Additionally, Jefferson told the Associated Press that local authorities had not spoken to witnesses the night of the crime, nor had they pursued leads. Instead of St. Maarten's CSI, the police were MIA.
"The people who harmed us are well-known punks," Jefferson told reporters last week, according to the AP. "People in the community know who these guys are. They are not talking to the police. The entire island is watching something bad happening."
Two men were finally arrested this week, (one was already released) but their cowardly actions seemed to win the approval of a local newspaper, Today, that derisively referred to gay people as "faggots" and "homos." According to the unfathomable April 11editorial:
"During and after World War II, it was considered common sport for military guys to let themselves be picked up by a faggot in a bar in Los Angeles or San Francisco. The one who was picked up would pretend to go along for the ride, only to turn around and beat up or rob the homo who picked him up, leaving him without wallet and sometimes teeth.
"All that has changed, of course, largely due to American laws that are being spread around the world. Gay bashing is now a no-no. Slurs against homos, a no-no. And beating a person over the head for flagrant public behavior that once was considered criminal misconduct is a no-no."

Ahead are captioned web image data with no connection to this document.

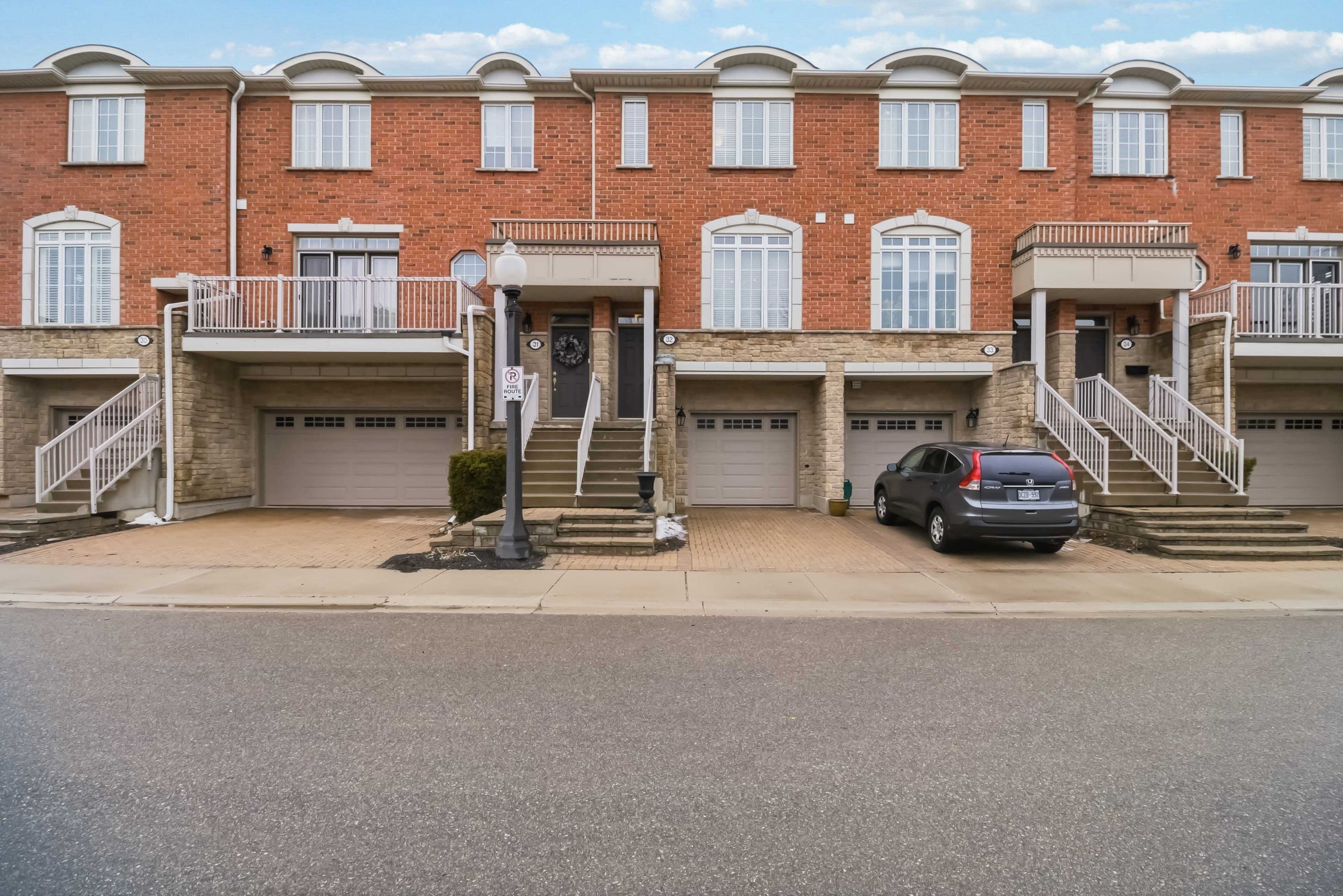1169 Dorval Drive 32, Oakville, ON L6M 4V7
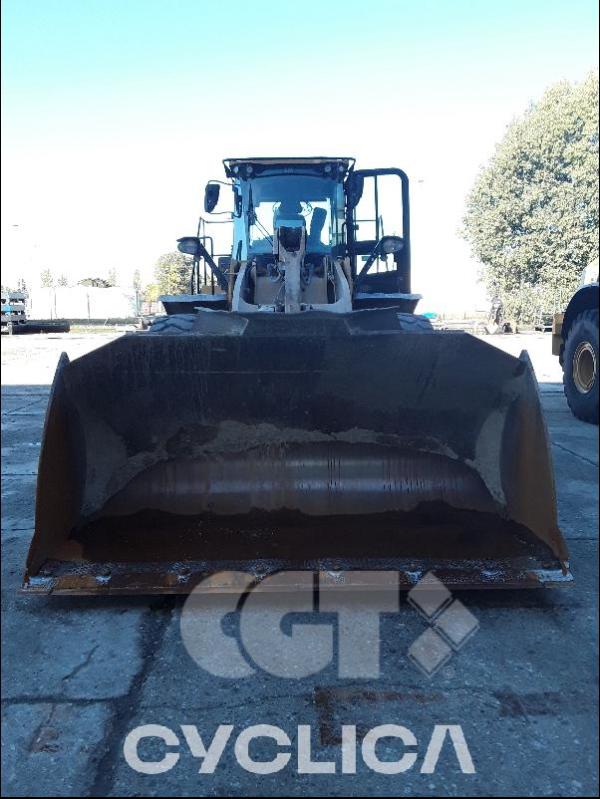 Chargeuses sur pneus  966M XE FL200911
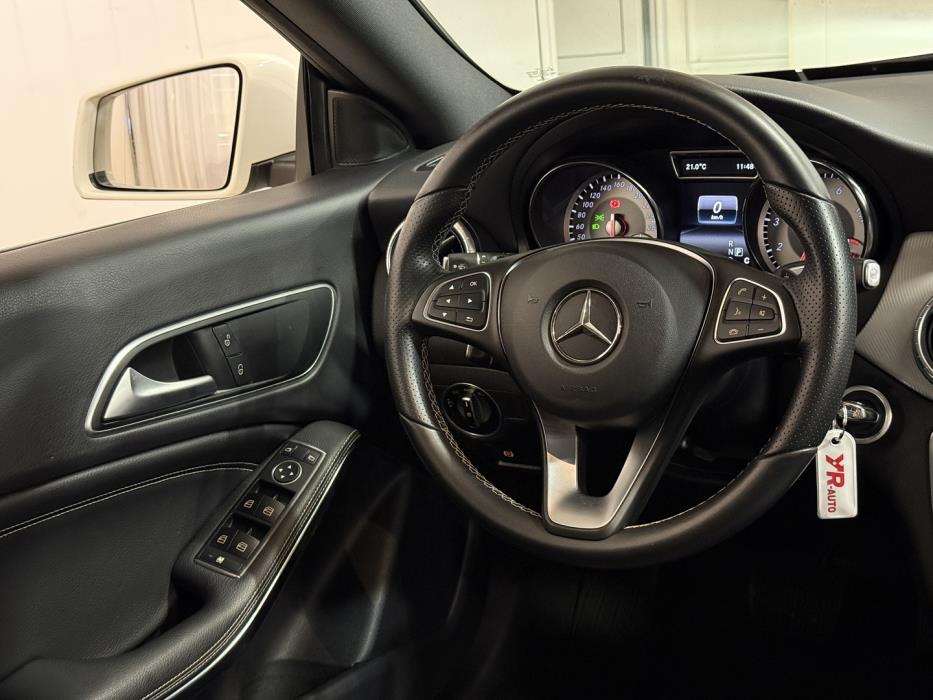 MERCEDES-BENZ CLA 2016
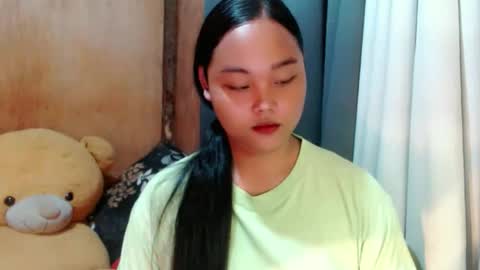 Snapshot of urasian_hotchix69 chatting on November 21, 2025, 1:59 am Lycah online show from November 21, 2025, 1:59 am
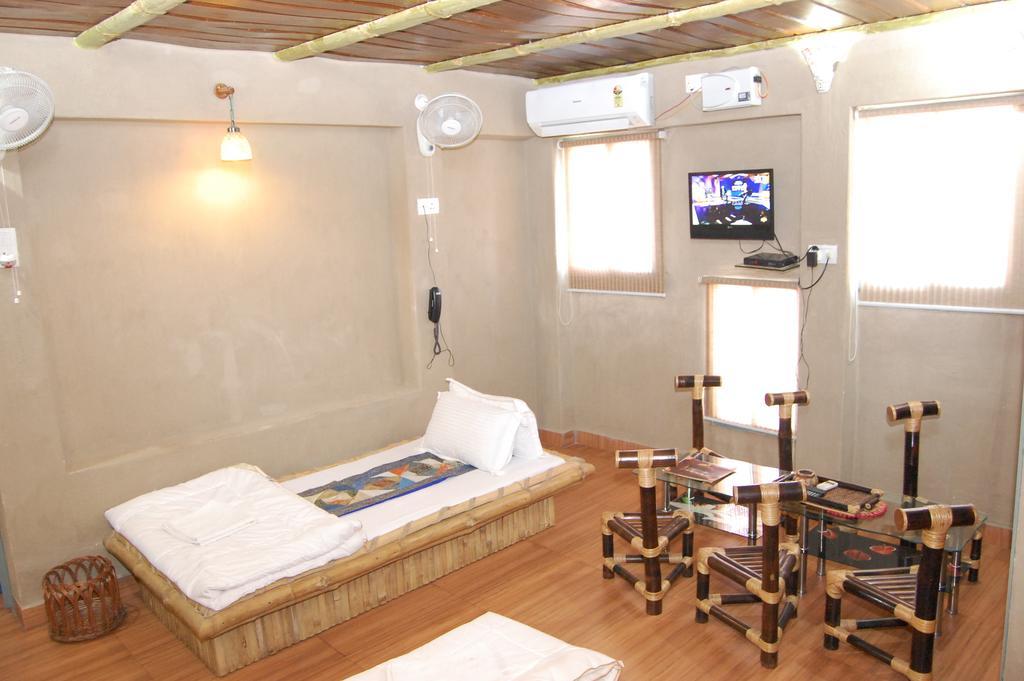 Shri Guest House Varanasi Room photo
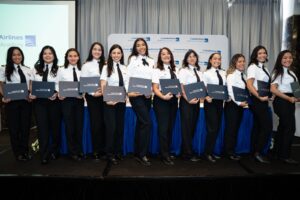 ALAS gradúa a 42 nuevos pilotos panameños y destaca mayor participación femenina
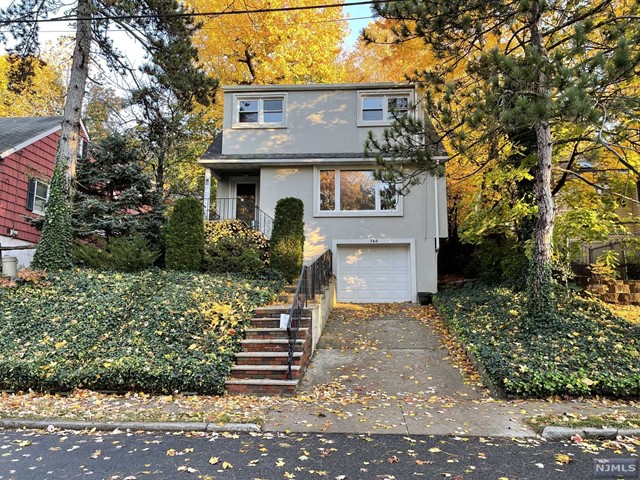 Look no further for a place to call home for the upcoming holiday season! Welcome to this sunny and bright 4 bed 2 bath Colonial home, approximately 1701 SQFT of elegant living space located in the heart of Ridgefield most desirable neighborhood. First floor, new painting, modern eat in kitchen with new refrigerator, huge living room and dining room, hardwood floors throughout, plenty of natural lights. Second floor features new vinyl floors, spacious living room, full bath, two additional generously sized bedrooms. Close to schools, shopping and transportation with a very easy commute into NYC. Tenants are responsible for lawn care and snow removal.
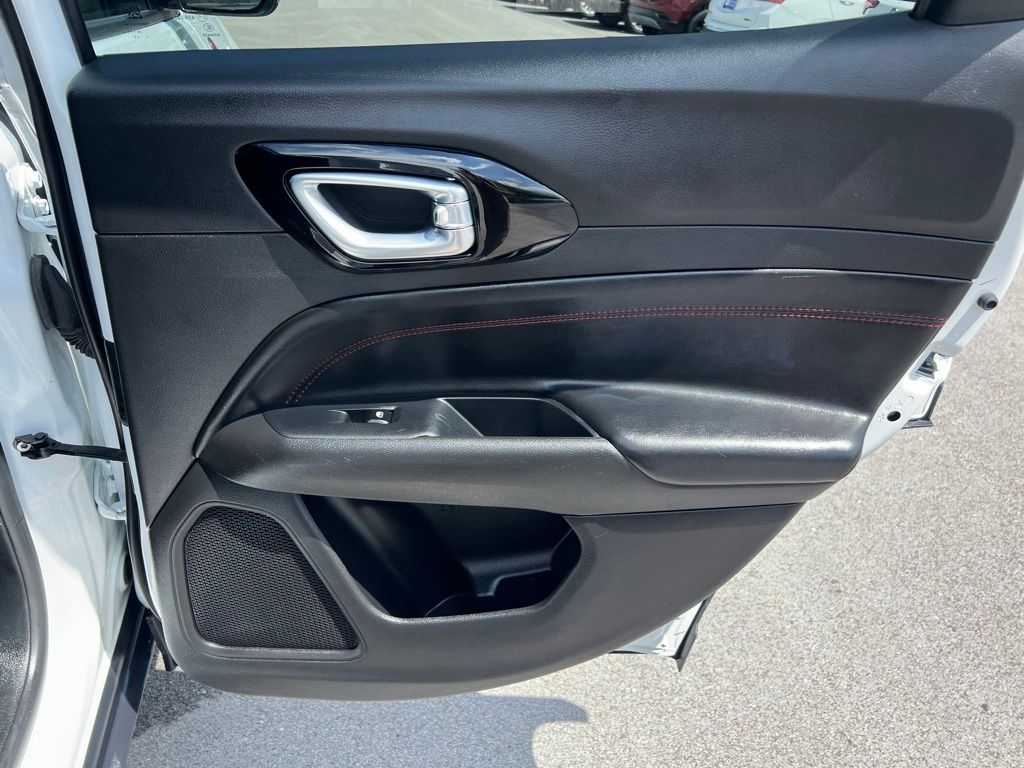 Used 2025 Jeep Compass SUV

In a comparatively minor, but no less telling cultural barometer, the Bahamas banned Brokeback Mountain. It seems Nassau must decide if it is an island chain open to the world or a palm tree-lined prison where its pristine waters are merely a mote to drown tolerance and diversity.
Unlike other homophobic hotbeds in the Middle East, our community can exercise considerable leverage over these human rights abusers. While few Americans are going to spend a holiday in Jeddah or Tehran, we are frequently visiting the Caribbean. Many of our allies would gladly vacation elsewhere if they were aware that their gay friends and family members were being brutally attacked.
It is time for Americans to reassess their relationship with islands such as Jamaica, St. Maarten and the Bahamas. Either they welcome all of us, or none of us. But these "paradises" can no longer be playgrounds for heterosexuals and hunting grounds for homosexuals.
Here is a message that Jamaica might understand:
"Aloha, Mon, friend of batty boy going to Hawaii."